MASTERCLASS

# Paths and Trajectories

### Lessons

#### Transcript

A commonly used alternative velocity profile looks like this. We accelerate. We move at constant velocity for as long as we need to and then we slow down as quickly as we can. An advantage of a trajectory like this is that we get to our destination much more quickly. The area under the two curves is the distance travelled, and that's the same in the two cases. It’s just that the red curve is much more compact. It only takes 35 time units instead of 50 time units.

This kind of motion is referred to as a trapezoidal profile. It's named after the shape of the velocity profile. It’s a trapezoid. It comprises an acceleration phase, a coasting phase - where we move at a constant velocity - and then a deceleration phase. During acceleration and deceleration, the velocity is a linear function of time. Which means, that position is a parabolic function of time. During the coasting phase, the velocity is constant. That means that the position profile is a straight line. So, this kind of motion profile, the trapezoidal profile, is also sometimes referred to as a linear segment with parabolic blend. In that robotics toolbox, it’s the function LSPB which is a contraction of a linear segment with parabolic blend.

A disadvantage of the trapezoidal profile is that acceleration is not continuous and you can see it when we change from acceleration phase to coasting phase and coasting to deceleration phase, there is a step discontinuity in acceleration. This is potentially problematic for some robots but in general, we rely on the fact that the bandwidth of the motion control systems is relatively low and it smooths out this discontinuity in acceleration.

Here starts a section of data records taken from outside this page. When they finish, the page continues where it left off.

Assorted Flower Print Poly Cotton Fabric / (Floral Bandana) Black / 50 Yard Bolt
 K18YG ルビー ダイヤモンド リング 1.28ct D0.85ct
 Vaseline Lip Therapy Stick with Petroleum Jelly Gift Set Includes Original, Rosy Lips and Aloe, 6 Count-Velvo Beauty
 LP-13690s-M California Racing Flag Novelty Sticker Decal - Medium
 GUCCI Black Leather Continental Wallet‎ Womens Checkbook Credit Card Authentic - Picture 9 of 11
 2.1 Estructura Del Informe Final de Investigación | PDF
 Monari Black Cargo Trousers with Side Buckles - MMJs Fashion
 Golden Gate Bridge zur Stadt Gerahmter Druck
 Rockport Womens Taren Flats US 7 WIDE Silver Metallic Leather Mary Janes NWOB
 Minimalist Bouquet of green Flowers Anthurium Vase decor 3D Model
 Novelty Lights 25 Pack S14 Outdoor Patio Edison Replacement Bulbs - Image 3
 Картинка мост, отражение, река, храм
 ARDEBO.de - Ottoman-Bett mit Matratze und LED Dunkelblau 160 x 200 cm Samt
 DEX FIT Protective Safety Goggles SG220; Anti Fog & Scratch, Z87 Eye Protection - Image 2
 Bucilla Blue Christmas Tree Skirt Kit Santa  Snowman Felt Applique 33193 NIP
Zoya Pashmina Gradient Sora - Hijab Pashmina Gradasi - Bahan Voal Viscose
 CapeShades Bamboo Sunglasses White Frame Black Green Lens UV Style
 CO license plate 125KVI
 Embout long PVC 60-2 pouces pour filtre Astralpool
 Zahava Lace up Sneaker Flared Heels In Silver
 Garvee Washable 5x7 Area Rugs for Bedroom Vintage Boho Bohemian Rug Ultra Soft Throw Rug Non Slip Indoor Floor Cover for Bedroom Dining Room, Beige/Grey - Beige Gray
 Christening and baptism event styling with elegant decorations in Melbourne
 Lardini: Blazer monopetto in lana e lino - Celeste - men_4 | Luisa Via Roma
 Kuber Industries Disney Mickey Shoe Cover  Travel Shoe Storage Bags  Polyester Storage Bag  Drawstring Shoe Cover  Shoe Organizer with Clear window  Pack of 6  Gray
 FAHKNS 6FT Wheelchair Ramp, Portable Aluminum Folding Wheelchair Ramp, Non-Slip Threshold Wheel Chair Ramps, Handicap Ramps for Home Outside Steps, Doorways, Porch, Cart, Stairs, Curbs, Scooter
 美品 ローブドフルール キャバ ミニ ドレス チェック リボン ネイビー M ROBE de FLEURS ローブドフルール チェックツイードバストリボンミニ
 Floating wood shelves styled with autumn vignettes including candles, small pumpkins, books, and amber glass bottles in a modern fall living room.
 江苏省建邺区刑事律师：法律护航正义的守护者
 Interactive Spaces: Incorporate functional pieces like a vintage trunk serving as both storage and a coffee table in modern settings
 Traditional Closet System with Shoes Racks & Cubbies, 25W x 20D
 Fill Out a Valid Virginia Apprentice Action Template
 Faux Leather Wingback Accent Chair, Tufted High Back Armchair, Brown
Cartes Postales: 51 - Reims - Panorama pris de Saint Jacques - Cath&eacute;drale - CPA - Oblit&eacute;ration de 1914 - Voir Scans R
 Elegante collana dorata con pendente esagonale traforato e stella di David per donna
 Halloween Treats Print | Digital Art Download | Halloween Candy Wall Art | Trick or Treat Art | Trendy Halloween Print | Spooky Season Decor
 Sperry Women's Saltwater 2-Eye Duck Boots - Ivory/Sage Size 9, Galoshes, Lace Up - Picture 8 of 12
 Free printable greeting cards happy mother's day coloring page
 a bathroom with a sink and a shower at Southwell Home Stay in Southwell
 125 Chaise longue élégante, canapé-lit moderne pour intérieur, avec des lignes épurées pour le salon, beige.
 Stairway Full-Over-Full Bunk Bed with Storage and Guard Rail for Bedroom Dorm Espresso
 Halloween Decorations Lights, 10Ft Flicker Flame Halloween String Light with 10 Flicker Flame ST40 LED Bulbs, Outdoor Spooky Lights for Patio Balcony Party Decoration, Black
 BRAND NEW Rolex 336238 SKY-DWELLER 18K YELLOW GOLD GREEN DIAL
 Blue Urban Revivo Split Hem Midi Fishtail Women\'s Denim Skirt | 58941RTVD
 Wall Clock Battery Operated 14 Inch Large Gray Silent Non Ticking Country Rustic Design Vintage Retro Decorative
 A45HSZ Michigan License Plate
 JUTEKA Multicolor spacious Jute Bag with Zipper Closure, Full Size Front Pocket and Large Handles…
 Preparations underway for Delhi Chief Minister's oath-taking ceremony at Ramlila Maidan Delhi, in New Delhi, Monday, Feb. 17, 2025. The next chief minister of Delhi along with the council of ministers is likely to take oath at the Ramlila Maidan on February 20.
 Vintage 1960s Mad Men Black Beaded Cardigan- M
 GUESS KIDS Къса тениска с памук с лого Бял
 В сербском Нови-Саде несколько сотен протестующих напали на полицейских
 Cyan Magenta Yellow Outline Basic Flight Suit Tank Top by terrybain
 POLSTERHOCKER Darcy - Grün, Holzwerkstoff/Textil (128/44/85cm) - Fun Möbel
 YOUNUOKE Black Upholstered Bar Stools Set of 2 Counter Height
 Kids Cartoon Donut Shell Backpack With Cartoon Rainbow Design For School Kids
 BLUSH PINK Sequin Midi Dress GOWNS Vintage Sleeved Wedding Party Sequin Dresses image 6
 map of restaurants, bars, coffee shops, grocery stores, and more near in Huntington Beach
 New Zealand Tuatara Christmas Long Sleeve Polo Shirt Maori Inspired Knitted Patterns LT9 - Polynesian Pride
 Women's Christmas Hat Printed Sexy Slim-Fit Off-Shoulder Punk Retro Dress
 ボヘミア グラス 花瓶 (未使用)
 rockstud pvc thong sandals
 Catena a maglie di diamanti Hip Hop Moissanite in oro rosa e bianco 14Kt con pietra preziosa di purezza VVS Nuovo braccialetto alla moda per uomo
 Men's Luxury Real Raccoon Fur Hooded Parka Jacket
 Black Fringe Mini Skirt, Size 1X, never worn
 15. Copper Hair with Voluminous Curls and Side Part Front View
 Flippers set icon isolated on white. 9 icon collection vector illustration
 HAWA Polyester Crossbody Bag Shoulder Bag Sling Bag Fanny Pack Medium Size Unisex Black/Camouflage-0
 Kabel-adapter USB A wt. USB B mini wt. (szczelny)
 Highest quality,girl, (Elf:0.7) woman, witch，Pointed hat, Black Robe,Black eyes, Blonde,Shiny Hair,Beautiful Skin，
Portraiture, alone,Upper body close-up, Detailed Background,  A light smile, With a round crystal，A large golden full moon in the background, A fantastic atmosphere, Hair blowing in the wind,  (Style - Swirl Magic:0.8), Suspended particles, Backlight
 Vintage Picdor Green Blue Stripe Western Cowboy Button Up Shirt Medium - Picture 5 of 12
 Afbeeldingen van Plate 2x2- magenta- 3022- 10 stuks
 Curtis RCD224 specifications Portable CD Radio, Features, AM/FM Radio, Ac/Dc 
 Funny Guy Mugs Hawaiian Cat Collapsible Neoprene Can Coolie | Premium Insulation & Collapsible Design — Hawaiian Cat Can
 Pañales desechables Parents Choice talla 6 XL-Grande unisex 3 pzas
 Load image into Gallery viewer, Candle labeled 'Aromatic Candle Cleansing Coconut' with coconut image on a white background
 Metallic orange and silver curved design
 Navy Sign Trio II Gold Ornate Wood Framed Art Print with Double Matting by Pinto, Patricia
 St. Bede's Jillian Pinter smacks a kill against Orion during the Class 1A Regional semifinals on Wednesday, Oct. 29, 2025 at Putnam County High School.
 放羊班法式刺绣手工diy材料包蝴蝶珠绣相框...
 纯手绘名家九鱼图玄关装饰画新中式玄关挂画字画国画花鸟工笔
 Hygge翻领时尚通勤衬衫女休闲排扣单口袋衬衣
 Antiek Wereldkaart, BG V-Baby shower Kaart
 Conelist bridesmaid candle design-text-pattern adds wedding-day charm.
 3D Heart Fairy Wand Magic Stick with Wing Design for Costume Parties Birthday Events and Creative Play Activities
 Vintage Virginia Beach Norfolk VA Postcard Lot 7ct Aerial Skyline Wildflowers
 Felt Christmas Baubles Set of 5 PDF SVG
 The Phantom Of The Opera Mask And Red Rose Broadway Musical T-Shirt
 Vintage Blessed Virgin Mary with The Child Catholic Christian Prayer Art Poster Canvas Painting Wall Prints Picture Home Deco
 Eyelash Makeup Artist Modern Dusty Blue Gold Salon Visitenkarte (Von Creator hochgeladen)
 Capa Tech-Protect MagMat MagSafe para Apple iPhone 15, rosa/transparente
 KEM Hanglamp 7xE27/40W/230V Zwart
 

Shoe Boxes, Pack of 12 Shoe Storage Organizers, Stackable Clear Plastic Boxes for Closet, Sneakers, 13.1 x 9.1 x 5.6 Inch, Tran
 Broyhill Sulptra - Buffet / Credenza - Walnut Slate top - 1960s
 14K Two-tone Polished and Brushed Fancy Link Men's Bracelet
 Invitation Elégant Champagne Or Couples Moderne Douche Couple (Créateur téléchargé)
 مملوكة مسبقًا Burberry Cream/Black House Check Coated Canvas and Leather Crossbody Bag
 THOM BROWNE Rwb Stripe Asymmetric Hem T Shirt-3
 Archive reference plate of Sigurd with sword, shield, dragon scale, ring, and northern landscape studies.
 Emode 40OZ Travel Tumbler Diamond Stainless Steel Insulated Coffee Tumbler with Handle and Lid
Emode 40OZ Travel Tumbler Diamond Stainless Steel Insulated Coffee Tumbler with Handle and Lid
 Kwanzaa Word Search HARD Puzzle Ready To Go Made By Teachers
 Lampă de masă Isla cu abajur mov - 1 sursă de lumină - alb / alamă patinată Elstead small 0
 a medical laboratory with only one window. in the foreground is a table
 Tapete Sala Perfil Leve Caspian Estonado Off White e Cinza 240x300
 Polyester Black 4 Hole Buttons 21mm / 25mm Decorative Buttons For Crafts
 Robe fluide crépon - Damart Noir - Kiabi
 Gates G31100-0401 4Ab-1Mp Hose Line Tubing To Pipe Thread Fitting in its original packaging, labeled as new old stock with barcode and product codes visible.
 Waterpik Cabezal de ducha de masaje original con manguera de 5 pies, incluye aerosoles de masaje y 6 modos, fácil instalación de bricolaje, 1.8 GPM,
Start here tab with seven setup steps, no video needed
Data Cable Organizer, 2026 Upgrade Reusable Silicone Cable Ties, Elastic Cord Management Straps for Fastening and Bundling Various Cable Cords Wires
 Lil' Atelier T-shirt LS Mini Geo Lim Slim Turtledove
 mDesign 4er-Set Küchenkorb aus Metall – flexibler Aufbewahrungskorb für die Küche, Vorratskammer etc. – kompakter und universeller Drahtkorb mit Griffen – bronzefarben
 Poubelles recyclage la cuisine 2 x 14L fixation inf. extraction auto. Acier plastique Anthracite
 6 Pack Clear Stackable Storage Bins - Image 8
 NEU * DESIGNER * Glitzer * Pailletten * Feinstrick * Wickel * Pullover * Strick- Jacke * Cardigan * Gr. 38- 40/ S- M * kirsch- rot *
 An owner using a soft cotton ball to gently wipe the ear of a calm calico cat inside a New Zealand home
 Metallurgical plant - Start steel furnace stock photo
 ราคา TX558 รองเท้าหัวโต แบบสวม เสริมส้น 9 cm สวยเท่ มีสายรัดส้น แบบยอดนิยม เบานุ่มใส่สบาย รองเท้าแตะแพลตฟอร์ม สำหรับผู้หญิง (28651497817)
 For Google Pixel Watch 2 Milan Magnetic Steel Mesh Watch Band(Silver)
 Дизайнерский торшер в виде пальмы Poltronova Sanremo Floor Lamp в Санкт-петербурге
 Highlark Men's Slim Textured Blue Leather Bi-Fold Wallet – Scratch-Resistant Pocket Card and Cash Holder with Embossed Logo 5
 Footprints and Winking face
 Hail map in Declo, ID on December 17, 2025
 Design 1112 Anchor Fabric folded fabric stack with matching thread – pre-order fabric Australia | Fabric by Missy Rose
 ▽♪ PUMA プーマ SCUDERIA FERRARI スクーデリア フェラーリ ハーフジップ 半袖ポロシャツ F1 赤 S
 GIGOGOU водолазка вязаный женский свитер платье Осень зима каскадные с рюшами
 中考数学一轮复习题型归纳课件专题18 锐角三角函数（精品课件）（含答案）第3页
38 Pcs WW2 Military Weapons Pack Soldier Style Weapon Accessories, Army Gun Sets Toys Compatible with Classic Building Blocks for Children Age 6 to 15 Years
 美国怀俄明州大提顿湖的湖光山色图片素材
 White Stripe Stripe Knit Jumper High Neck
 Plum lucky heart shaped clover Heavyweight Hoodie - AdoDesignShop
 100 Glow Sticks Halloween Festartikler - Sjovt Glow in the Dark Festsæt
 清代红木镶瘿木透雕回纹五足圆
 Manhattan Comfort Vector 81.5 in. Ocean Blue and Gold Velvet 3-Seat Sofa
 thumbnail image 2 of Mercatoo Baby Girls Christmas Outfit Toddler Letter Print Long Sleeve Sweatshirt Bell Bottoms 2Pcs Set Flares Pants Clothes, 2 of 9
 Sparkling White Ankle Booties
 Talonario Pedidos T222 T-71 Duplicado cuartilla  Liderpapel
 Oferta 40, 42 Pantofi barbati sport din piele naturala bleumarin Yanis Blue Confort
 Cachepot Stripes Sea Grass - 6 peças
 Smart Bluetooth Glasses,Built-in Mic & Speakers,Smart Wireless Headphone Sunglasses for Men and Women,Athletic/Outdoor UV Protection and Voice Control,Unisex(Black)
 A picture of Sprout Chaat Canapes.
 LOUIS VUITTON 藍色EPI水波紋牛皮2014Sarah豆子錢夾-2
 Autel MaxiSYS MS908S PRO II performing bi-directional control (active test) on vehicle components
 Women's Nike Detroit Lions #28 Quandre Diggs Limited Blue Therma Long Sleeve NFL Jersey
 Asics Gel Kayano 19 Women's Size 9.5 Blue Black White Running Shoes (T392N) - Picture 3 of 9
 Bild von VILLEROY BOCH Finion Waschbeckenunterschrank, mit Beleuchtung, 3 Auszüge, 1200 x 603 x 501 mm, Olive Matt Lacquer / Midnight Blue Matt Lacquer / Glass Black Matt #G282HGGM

Let's look at this type of trajectory using the MATLAB tools, I am going to create a trapezoidal trajectory using the MATLAB function LSPB which is an acronym for Linear Segment with Parabolic Blend. It's going to start with the value of zero. It's going to finish at one. We're going to do it in 50 times steps. And, here we see the trajectory. We can clearly see that the velocity profile is trapezoidal. We can see the acceleration phase, the constant velocity phase and the deceleration phase. And, these different phases are color coded in the plot of S versus time step. I can change the trajectory. So, instead of going from zero to one, it goes from zero to minus one. And, the trajectory now looks like this. So, then, I can ask for the values of S, from zero to one in 50 times steps. And it creates a vector in the workspace code S which has 50 rows. Each row corresponds to a time step. And just like the tpoly function, I can also ask for the velocity and the acceleration which in turn, we put into the workspace SD and STD and here they are also in the workspace as 50 element vectors, one row per time step.

I'm going to return to my first example. A trajectory from zero to one. We can see that the velocity of the linear segment is a little bit above 0.03. What we are going to do now is to override the automatic choice of the velocity of the linear segment. And, I'm going to suggest that it use a value of 0.025 instead. And, here we can see the trajectory is being computed. You see that the linear segment now is much longer and the parabolic blends are much shorter. I am going to suggest that it uses a slightly larger value of velocity for the linear segment. And, now we can see linear segment's quite short and the parabolic blends are longer. The range of feasible values for the velocity of the linear segment are actually quite limited. And, if I suggest a value of 0.02, it is returning an error indicating that the velocity that I specified is too small. It's not possible to compute a trapezoidal profile with that value of velocity for the linear segment.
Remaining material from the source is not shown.